AV1 10-bit is below the 30fps@1080p target (17fps).  H.264
10-bit is close to target (27fps).  Both are intrinsically
expensive on CPU — the daemon is doing a full software
decode plus the 10→16-bit MSB-align pack.  For the project's
user-facing `30fps-floor-is-fine` criterion (daily YouTube),
this is acceptable: most YouTube content is 8-bit VP9 / AV1
where we're 2-3× over target.  10-bit HDR delivery on the
web is rare and tends to come through hardware-accelerated
paths elsewhere in the desktop.

Per-codec p99 from short tests has high variance (10 frames,
short warmup); longer streams (Phase 8.10+) would give
better statistics.

## Design decisions

### Why not patch libva-v4l2-request now?

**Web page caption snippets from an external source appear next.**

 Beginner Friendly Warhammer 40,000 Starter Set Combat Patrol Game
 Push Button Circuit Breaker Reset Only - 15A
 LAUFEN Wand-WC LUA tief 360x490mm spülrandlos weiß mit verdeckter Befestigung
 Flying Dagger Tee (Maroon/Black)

Multi-session effort.  Adding VP9 + AV1 support to
libva-v4l2-request means:

- Writing new VAAPI ↔ V4L2 stateless control mappings for
  VP9_FRAME and AV1_FRAME control structs (the union of
  the existing H264 mapping work).
- A real integration test (a VAAPI consumer like mpv or
  gstreamer driving the patched library).
- Potentially upstreaming changes back to bootlin (review
  cycles).

Phase 8.9 was scoped as one phase among many — comparable
in size to 8.5/8.6/8.7/8.8 — and the right move is to
characterise the work and defer the long tail.

### Why concat the 5s file instead of encoding 60s fresh?

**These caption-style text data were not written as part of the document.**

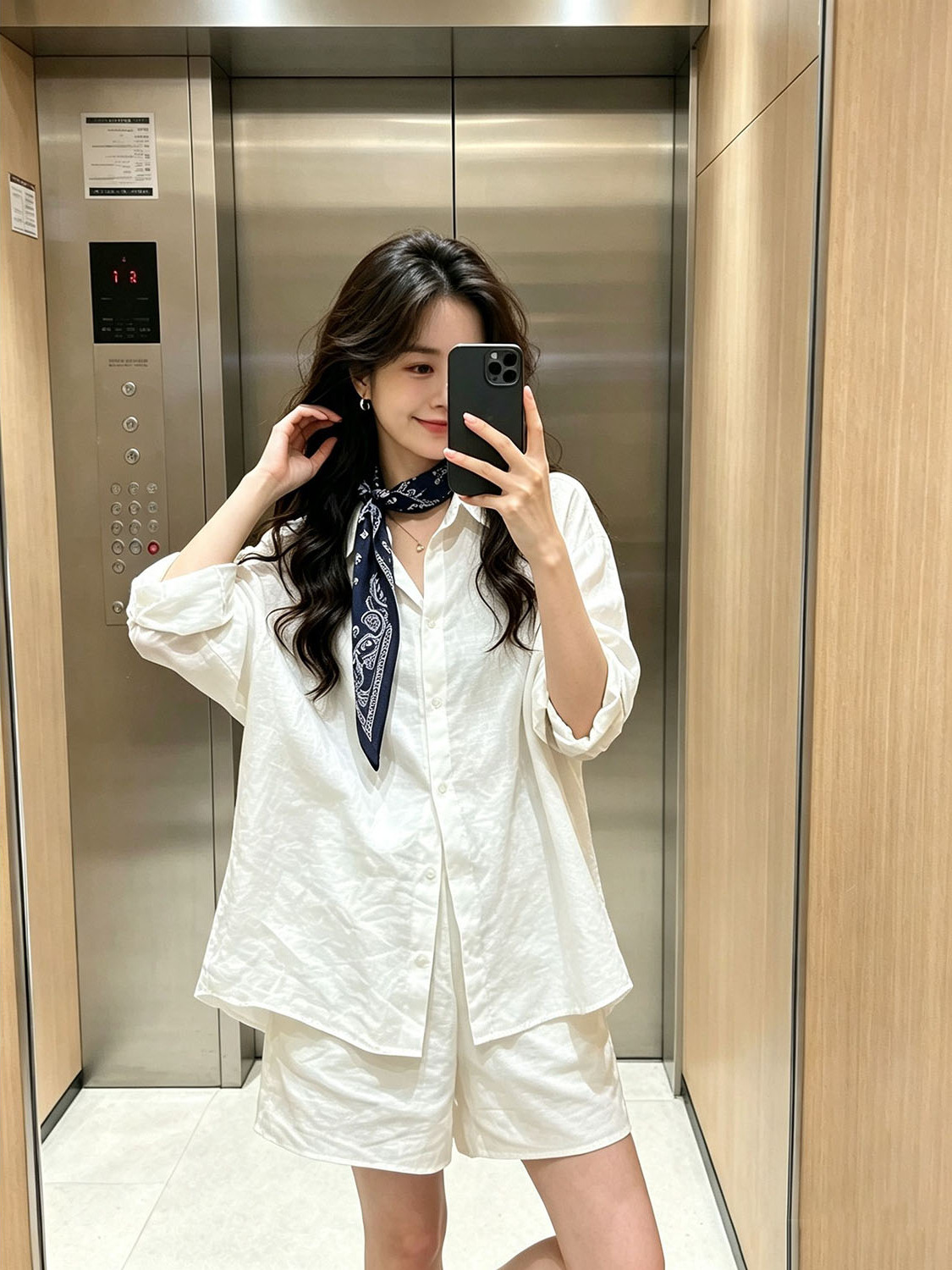 White Korean Style Shirt Elast - Summer Clothing Old Money ulasan dan harga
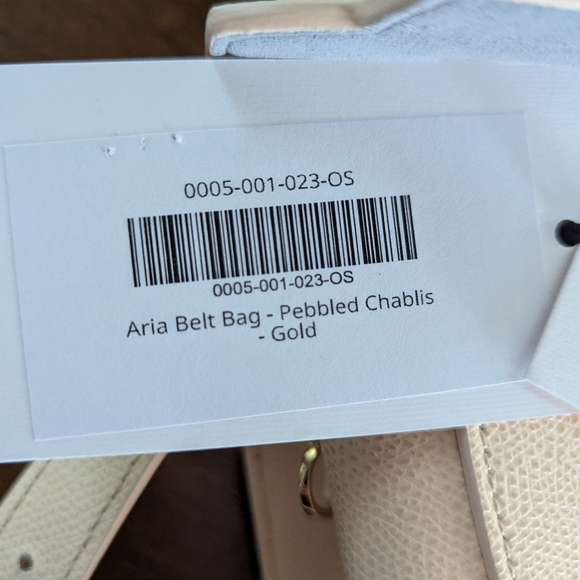 NEW Senreve Aria belt bag Pebbled Chablis / Gold  NWT - Picture 16 of 16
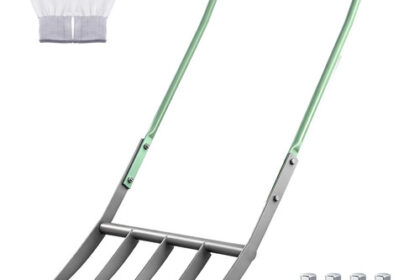 Bodenrechen Mit 5 Zinken, Robustes Gartenwerkzeug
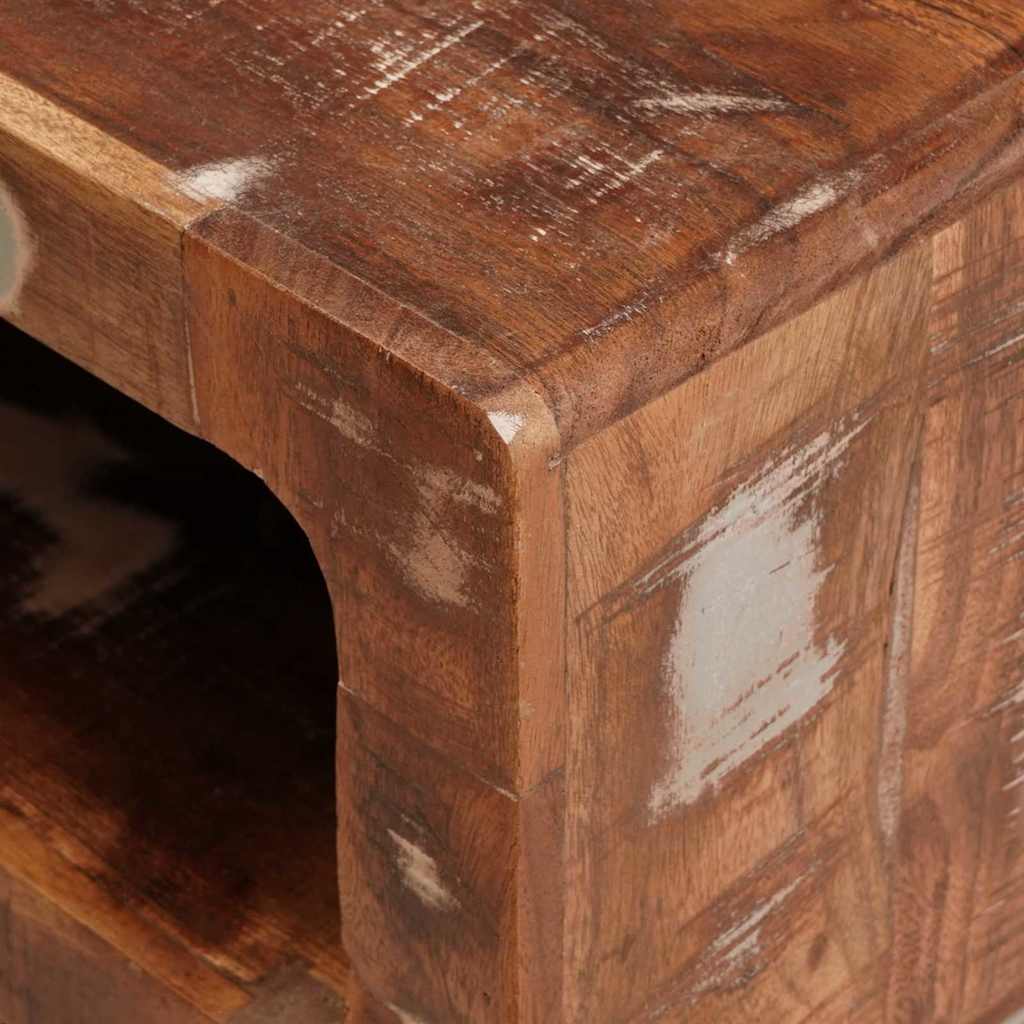 Mese de capăt Multicolour 40 x 40 x 49 cm Lemn masiv reciclat GartenMobel Dekor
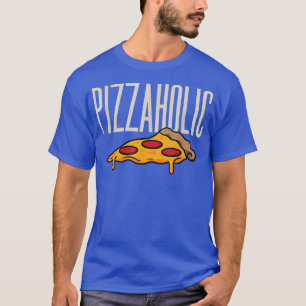 Camiseta Pizzaholic Funny Pizza Lover Comida de Queijo Vici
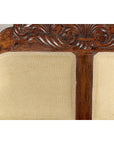Dutch Colonial Wooden Settee with Carved Crest and Out-Scrolling Arms-9. Asian & Chinese Furniture, Art, Antiques, Vintage Home Décor for sale at FEA Home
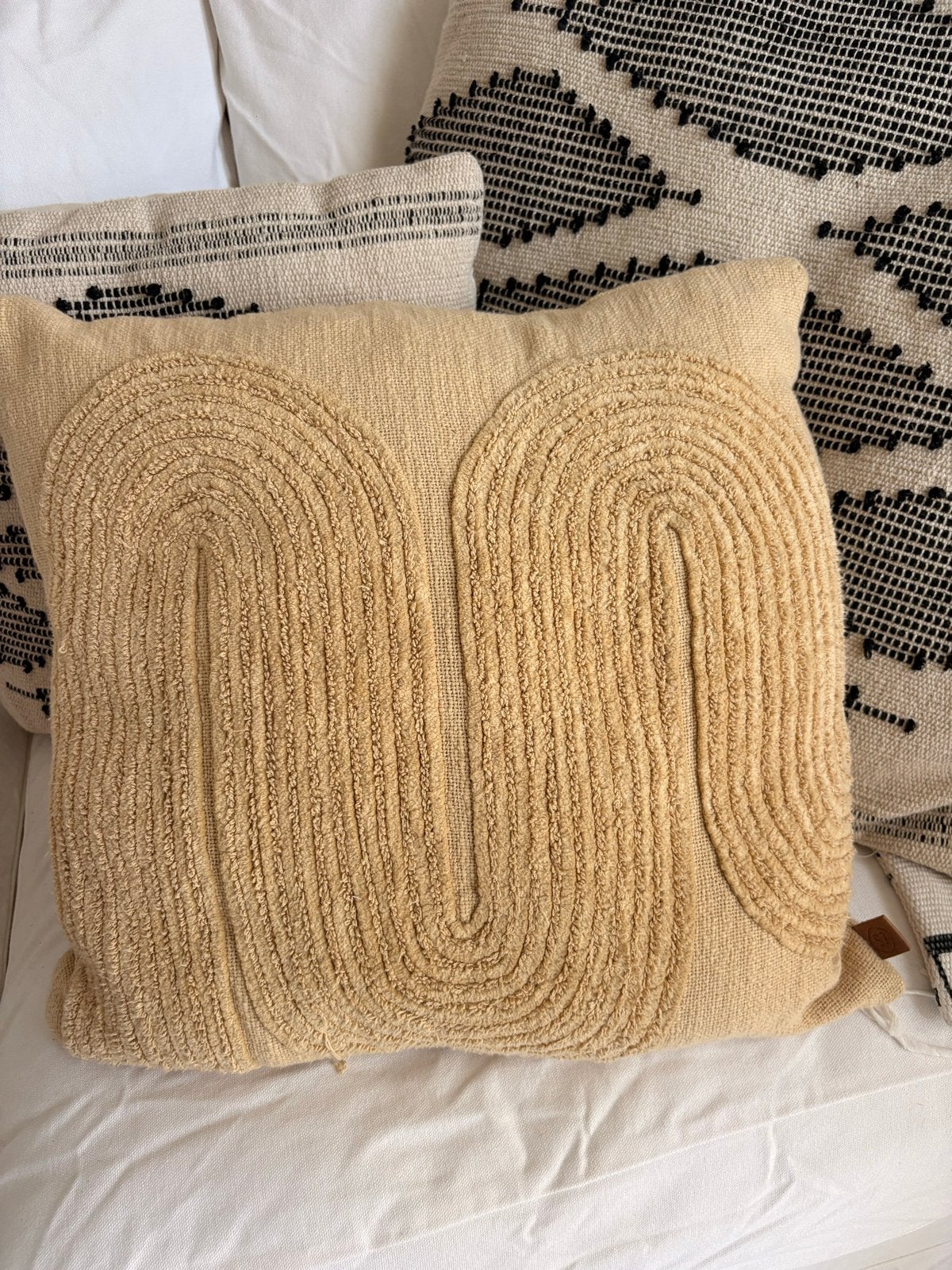 Nieuw Zusss sierkussen met patroon, Zusss, Inclusief binnenkussen, Beige, Vierkant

The 60s libvpx-vp9 encode at `-cpu-used 8` was taking
3-5 minutes on hertz.  Concatenating 12× a known-good 5s
file via Python IVF surgery (rewrite header frame count,
adjust per-frame PTS) takes ~50 ms and produces the same
content the daemon sees per frame.  The stress test cares
about quantity-of-frames and stability, not encoder
diversity.

### Why HDR results aren't a regression

10-bit decode is 1.5-2× more expensive than 8-bit:
- More memory bandwidth (16 bits/sample vs 8).
- More CPU per sample (10-bit codec internals are wider).
- Plus our pack does an extra shift-left-by-6 per sample.

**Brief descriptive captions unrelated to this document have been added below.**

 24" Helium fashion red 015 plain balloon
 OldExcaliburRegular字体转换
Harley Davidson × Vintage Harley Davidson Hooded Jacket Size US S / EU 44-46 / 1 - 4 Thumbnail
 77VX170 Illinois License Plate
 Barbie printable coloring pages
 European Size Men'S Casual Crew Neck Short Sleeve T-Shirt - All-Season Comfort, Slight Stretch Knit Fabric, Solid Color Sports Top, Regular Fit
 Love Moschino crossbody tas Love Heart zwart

AV1 10-bit specifically takes ~58 ms/frame mean — that's
dav1d on a single Cortex-A76 thread doing real
10-bit AV1 work.  17fps@1080p for 10-bit AV1 isn't bad
for software CPU decode; it's just below the 30fps SDR
target.  Real-world 10-bit content is rare enough that
this doesn't move the user-facing meter.

## What's NOT here (deferred)

- **libva-v4l2-request integration** — moved to Phase 8.10.
- **QPU dispatch substitution** — still deferred; 8.8
  showed it's not needed for the 30fps@1080p SDR target
  but it'd help the 10-bit + 4K cases.
- **Mixed real-world content tests** — concat-of-testsrc
  has the right frame count but not the right entropy
  characteristics (real video has motion, scene changes,
  variable bitrate).  Phase 8.10+ when we have a meaningful
  consumer (libva-v4l2-request, FFmpeg v4l2_request, …)
  can drive real content end-to-end.

## Phase 8.10 plan

1. Build libva-v4l2-request from source on hertz.
2. Patch it to accept our V4L2_PIX_FMT_VP9_FRAME +
   AV1_FRAME + (new) H264_SLICE + NV12M.
3. End-to-end: mpv --hwdec=vaapi → libva-v4l2-request
   → /dev/video0 → daemon → decoded frame.
4. (Optional) Upstream the VP9 + AV1 + NV12M support back
   to bootlin if the patch is clean.